Deployment Schedules
Whenever I saw a message on the #emergency Slack channel, I used to have a mini-panic attack.
Did one of my teams release something that broke the service?
Anything on the emergency channel was visible to all stakeholders, so we had to immediately jump on the alert and triage. My team was in-charge of a revenue critical service, whose downtime could mean a non-trivial revenue loss. And unfortunately, our services used to go down fairly frequently. So, I was always on high-alert.
If it ended up being our service:
- we had to triage it (no one knew who specifically)
- we had to fix it (what if that person is not available?)
- we had to release it (again who?)
With over 20 people in charge of the service, we baldy needed an improvement to our processes.
Current Processes
Two things our org did well:
- We were only allowed to deploy between 9am-3pm M-T. We needed to get approval for after-hours deploys, but nothing actually prevented the deploy itself from running. Some issues were later noted during post mortem to have occurred due to after-hour deploys.
- We had a strict roll-back-first policy if something goes wrong in production. So our services had to have been setup to handle this appropriately (database migration downgrade is written when deploying a new version to production, for example)
Each team had their own deployment processes and we used to follow on-demand deploys. When the tech lead feels like there are enough tickets, there is a hotfix or a new feature, they may choose to deploy it anytime during the day.
Testing was done by another team, but they were swamped with work so there was no approval process. We may push something to production before we get the testing team or the product manager's approval (!!).
Inspiration
According to Google's report, a team should ideally be in the Elite column for all aspects. We were in principle "Elite" for Deployment frequency, but that impacted our Change failure rate and Time to restore service. We needed to take a step back and rethink our strategy.
Bespoke Release Management
Each team may have their own requirements and SLOs to adhere to, so instead of focusing on org-wide changes, I focused on how we can ensure we are pushing out high quality and reliable code. There are several aspects to improving the reliability of an application but this post will talk specifically about the release management process.
Release Management Pair
First, we wanted to distribute the role of releases to ALL the engineers of the team. All the engineers were paired up based on their experience and were assigned a week in rotation. Pair transitions happened on Tuesday EOD (after minor release day) so that the context of the week remains with the same release pair until the service is in production.

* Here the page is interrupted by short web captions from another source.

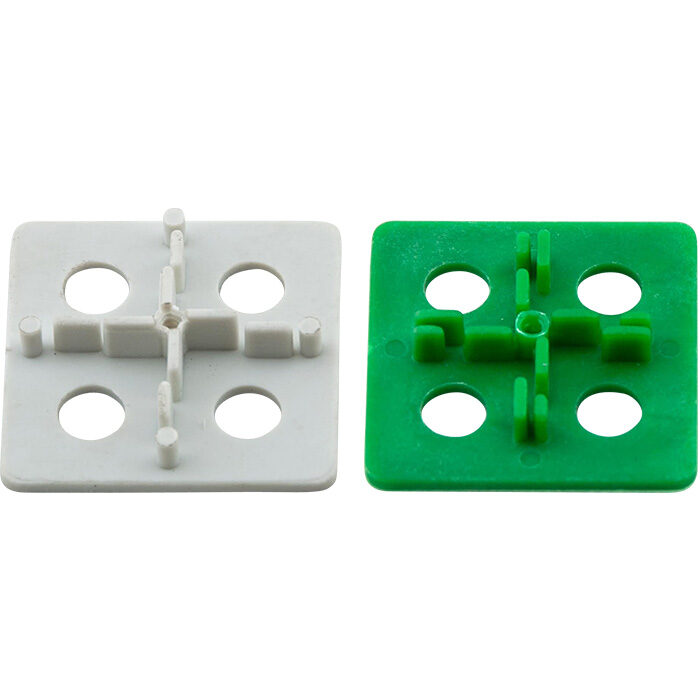 Gulv kryds afstandstykke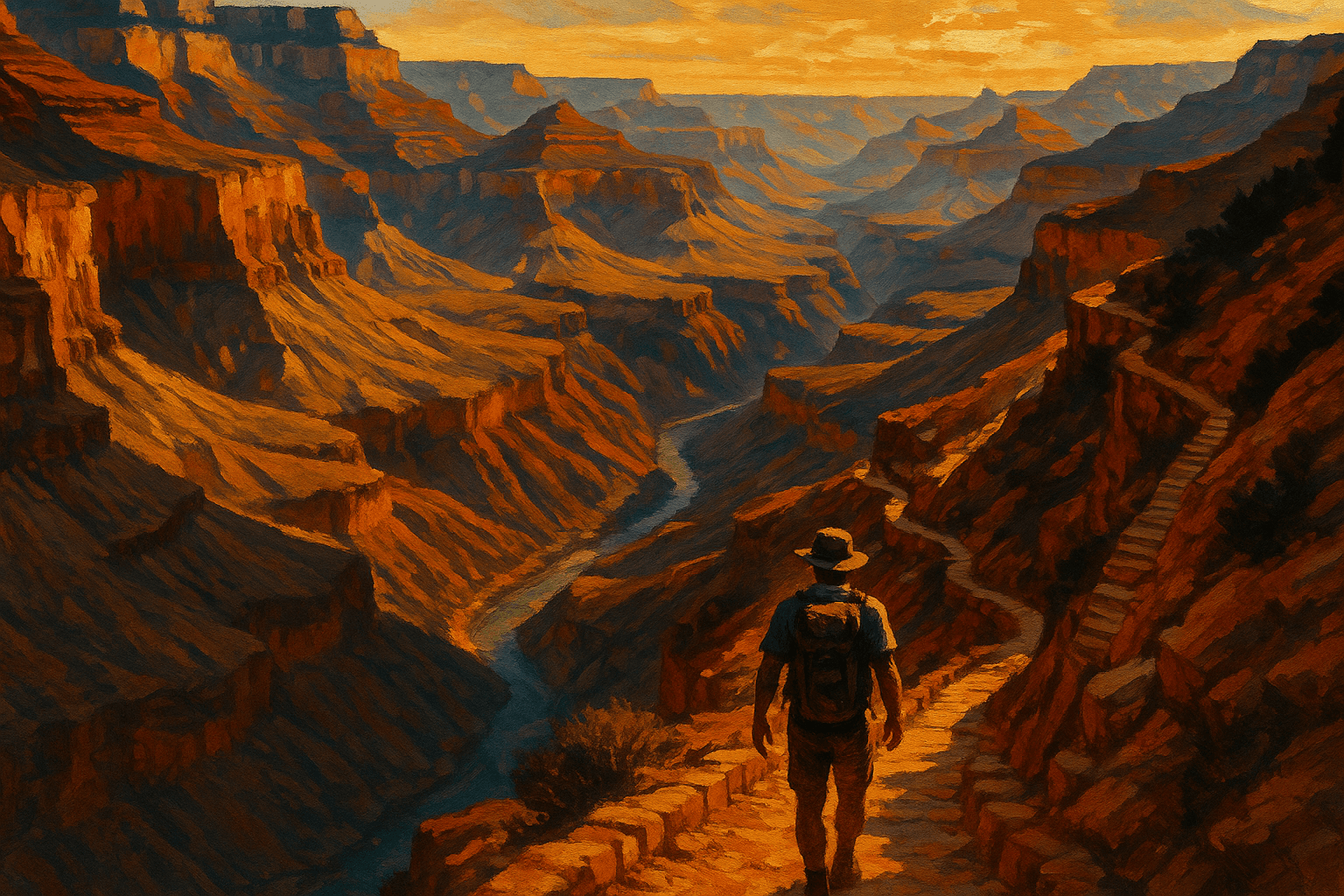 Hiking in the Grand Canyon: Everything You Need to Know Before You Go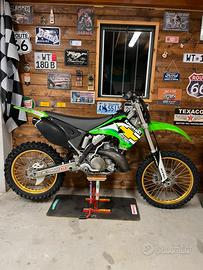 Kawasaki kx 250 2t 2005/07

This strategy sounds counter-intuitive and people were skeptical. But my take was this - release engineers get a first hand view of:
- how their PRs directly impact releases
- what other teams are working on
- what are the issues that plague production, and how the code written by them/others cause this
This turned out to be a fantastic decision. All the engineers started taking more ownership in the combined success of the service and actively started having discussions around how to reduce the chance of our service going down.
Primary
Primaries were the senior engineers on the team.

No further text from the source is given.